(Items from a dataset)
┌────────
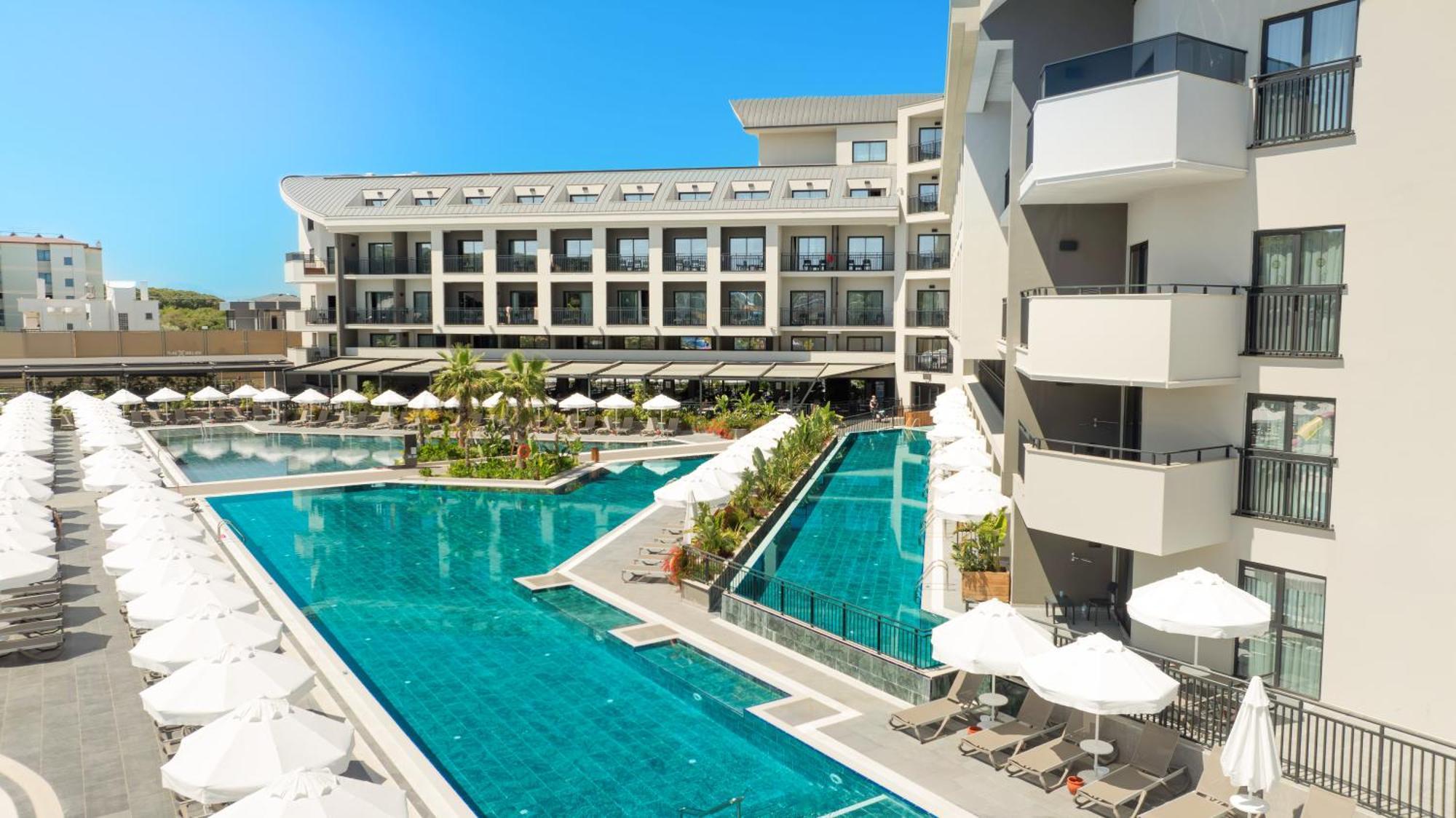 The X Hotel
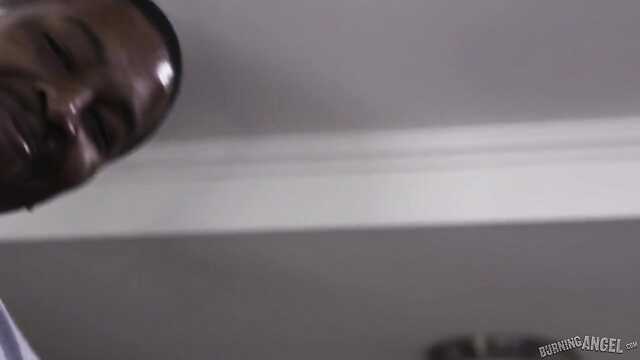 Wytatuowany nimfomanka może skończyć tylko od dzikiego pieprzenia z podwójną penetracją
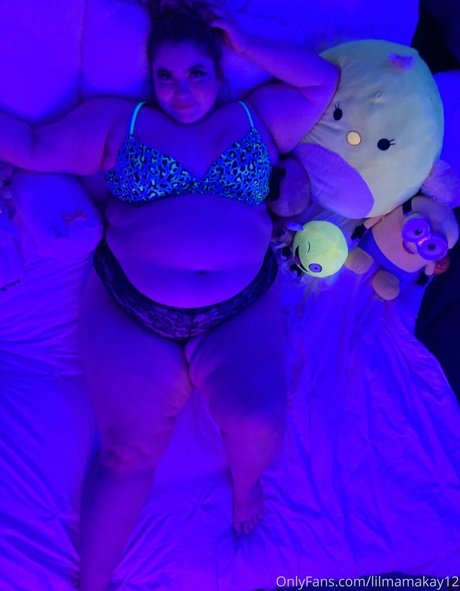 lilmamakay12 sexy model img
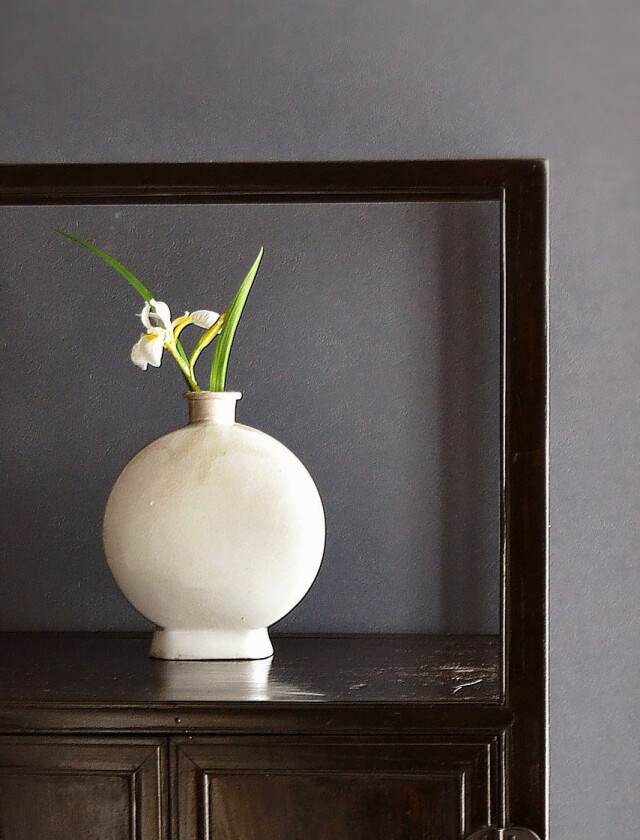 李朝 白磁 花瓶 花入 骨董 アンティーク 朝鮮 李朝 白磁花瓶 ｜ みんげ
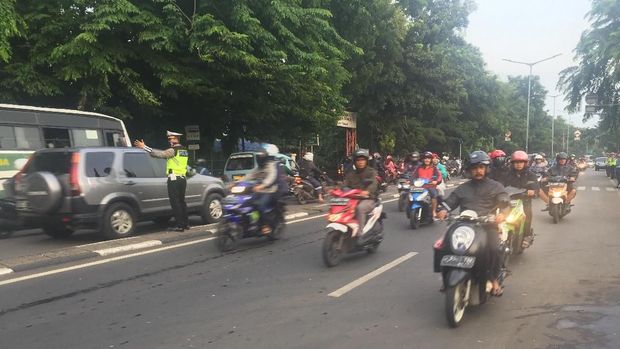 Sejumlah polisi bersiaga untuk mengatur lalu lintas.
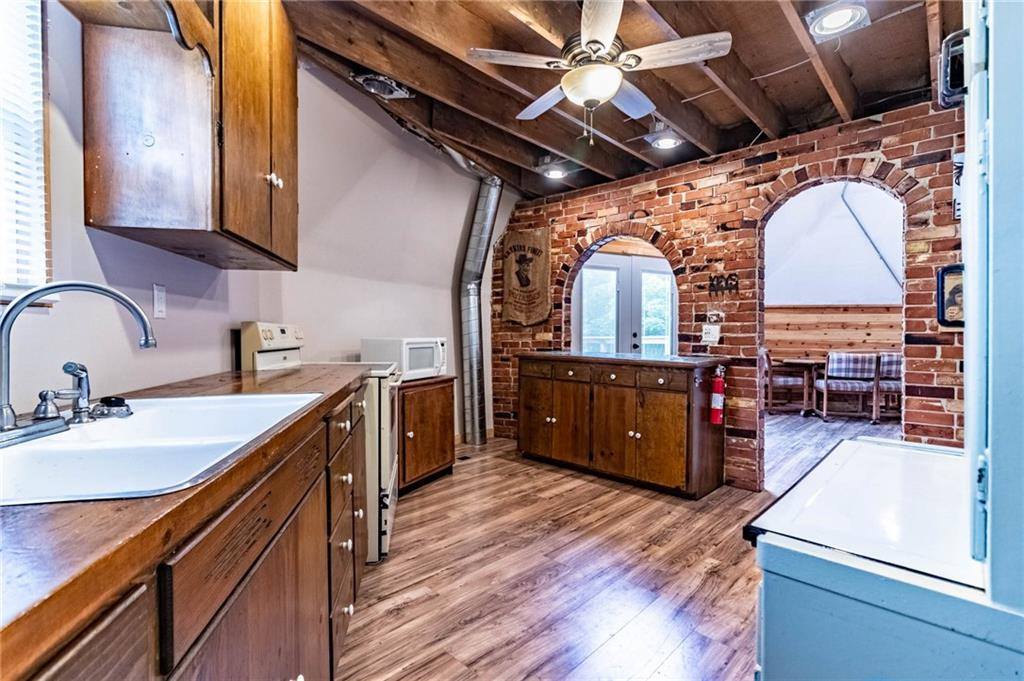 10116 Billabong Drive, Warsaw, MO 64735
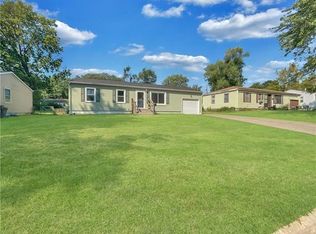 1300 N Vista Dr, Independence, MO 64056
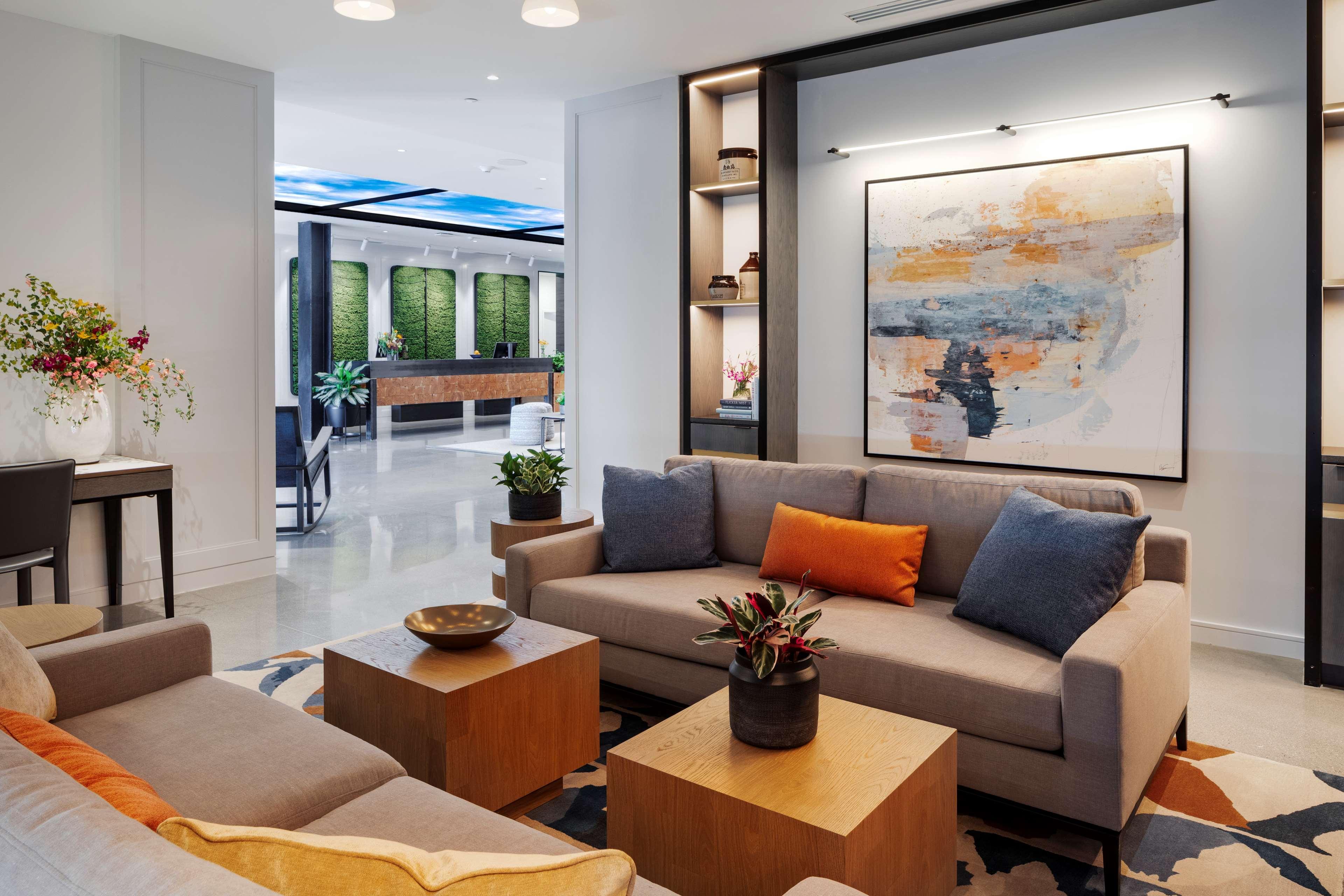 Vista Lobby Canopy by Hilton Portland Waterfront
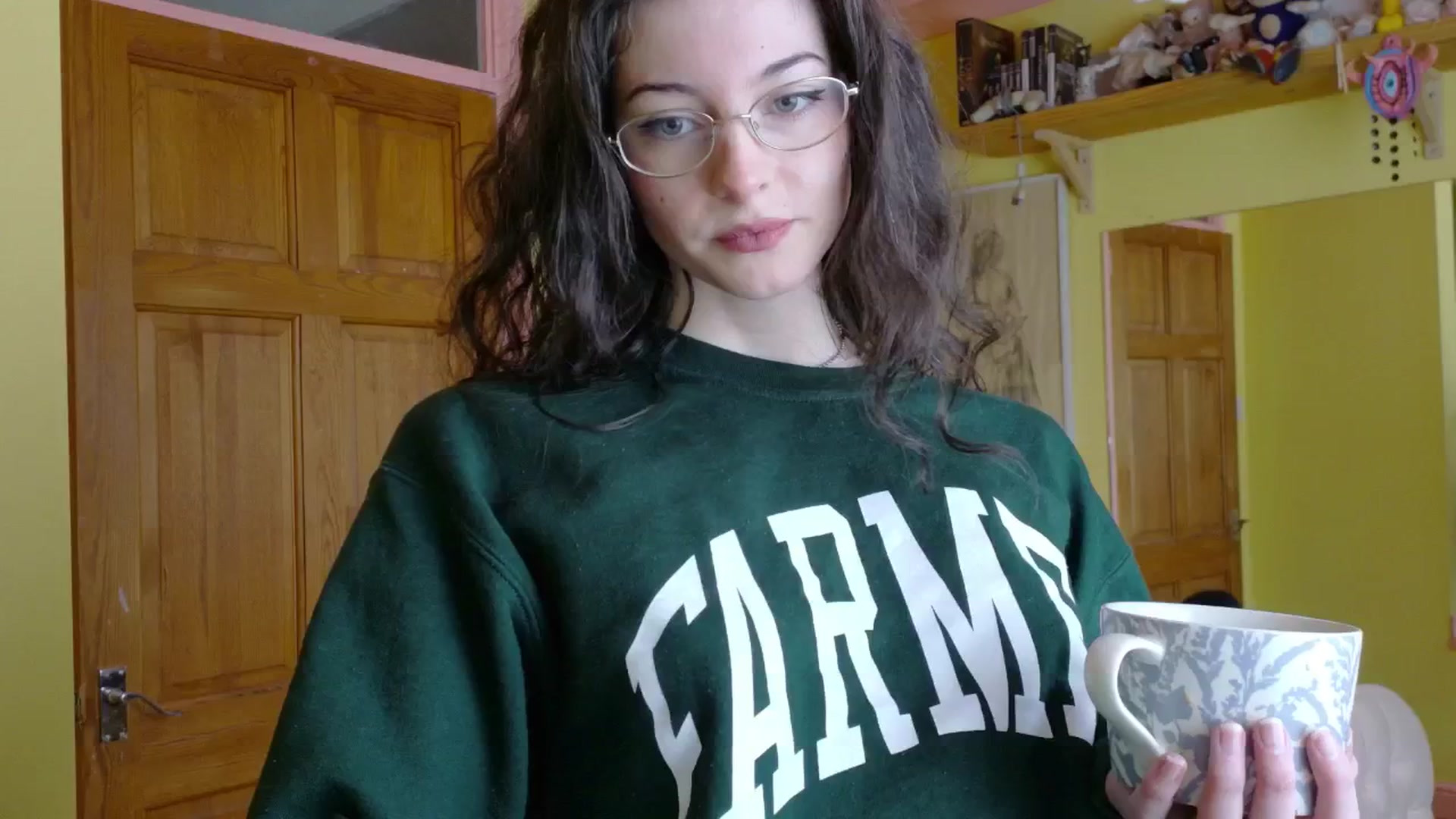 Gallery image thumbnail from sylksiren's myfreecams stream on, 03/23/2025, 14:25 image 3 of 20
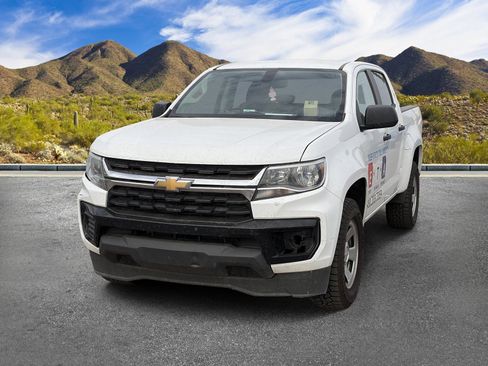 Used 2021 Chevrolet Colorado W/T w/ WT Convenience Package RWD image 2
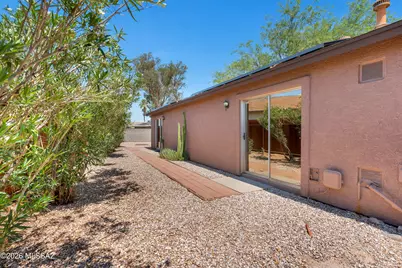 1954 W Southbrooke Circle, Tucson, AZ 85705 - Photo 29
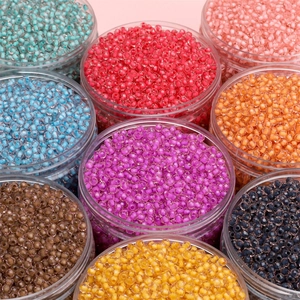 Set di perline di vetro colorate in barattoli per gioielli fai da te e artigianato
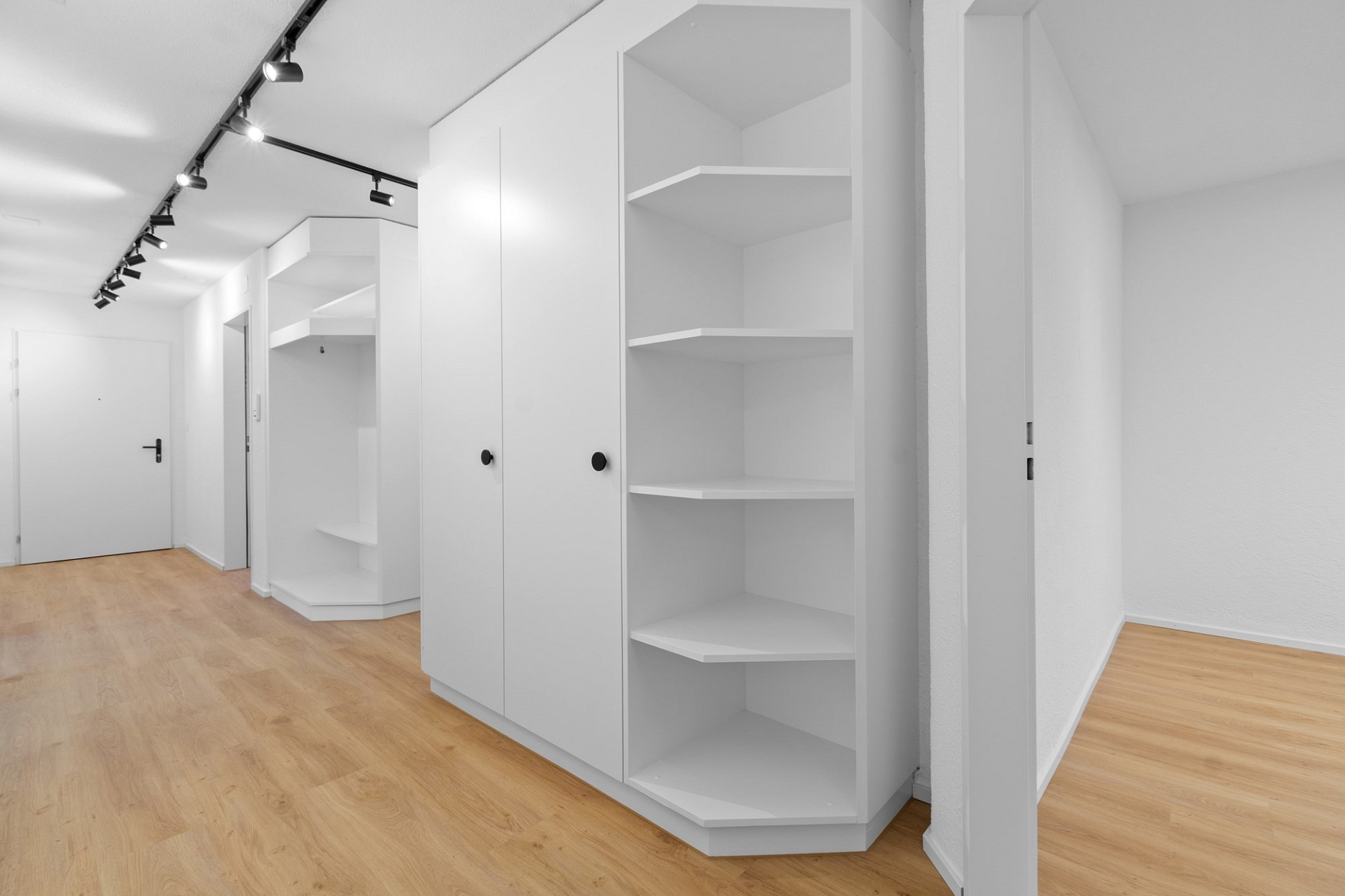 Heller Flur mit Einbauschrank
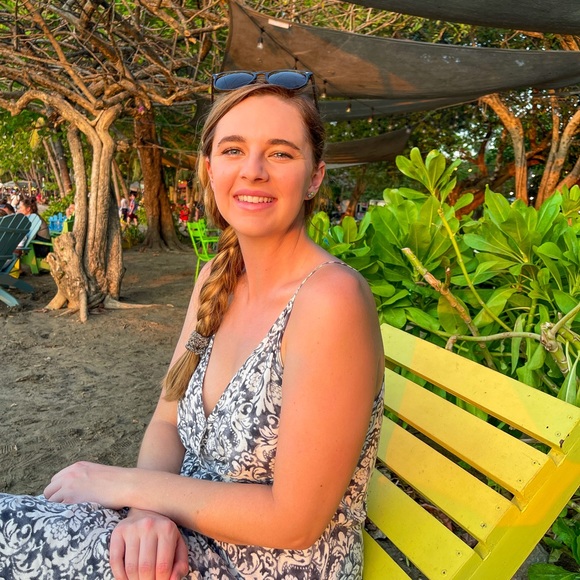 Meet your Posher, Alyssa - Picture 1 of 1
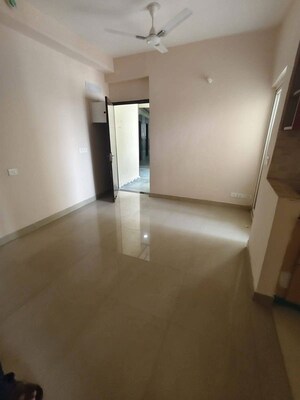 Room in 3 BHK Apartment at Trident Embassy Reso, Sector 1 Greater Noida – for Rent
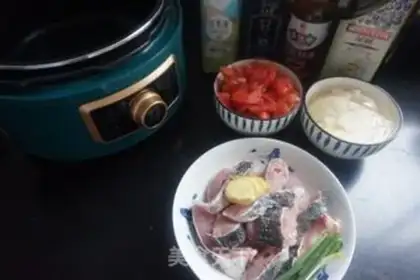 Make Tomato mackerel soup step 0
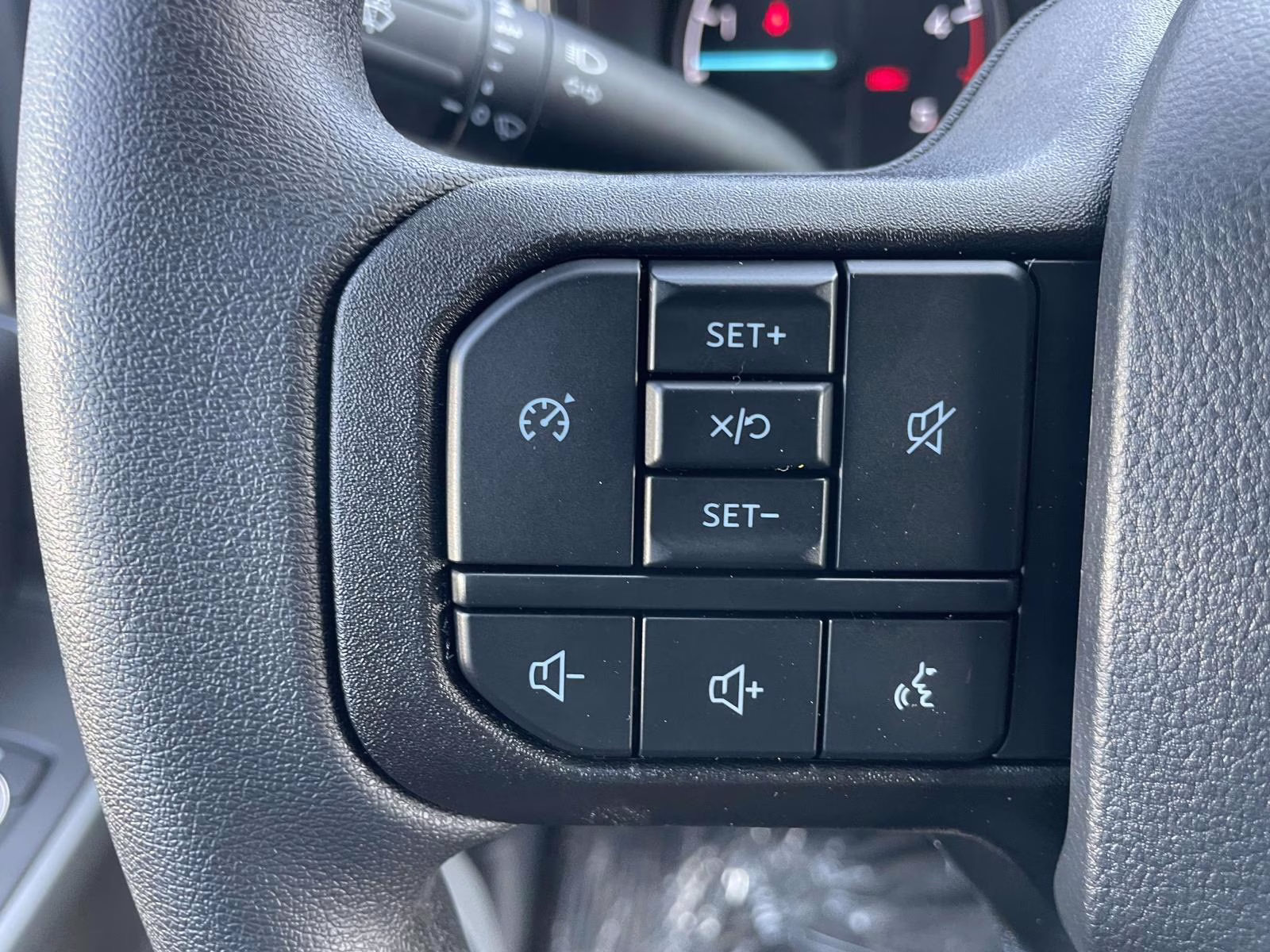 2026 Oxford White Ford Super Duty F-350 DRW XL 4X4 Truck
└────────
WORK TASK – Beginning with the first line of the records, write out every line up to and including the one with "Vista Lobby Canopy", exactly, and omit all pictures.

ANSWER SECTION –
 The X Hotel
 Wytatuowany nimfomanka może skończyć tylko od dzikiego pieprzenia z podwójną penetracją
 lilmamakay12 sexy model img
 李朝 白磁 花瓶 花入 骨董 アンティーク 朝鮮 李朝 白磁花瓶 ｜ みんげ
 Sejumlah polisi bersiaga untuk mengatur lalu lintas.
 10116 Billabong Drive, Warsaw, MO 64735
 1300 N Vista Dr, Independence, MO 64056
 Vista Lobby Canopy by Hilton Portland Waterfront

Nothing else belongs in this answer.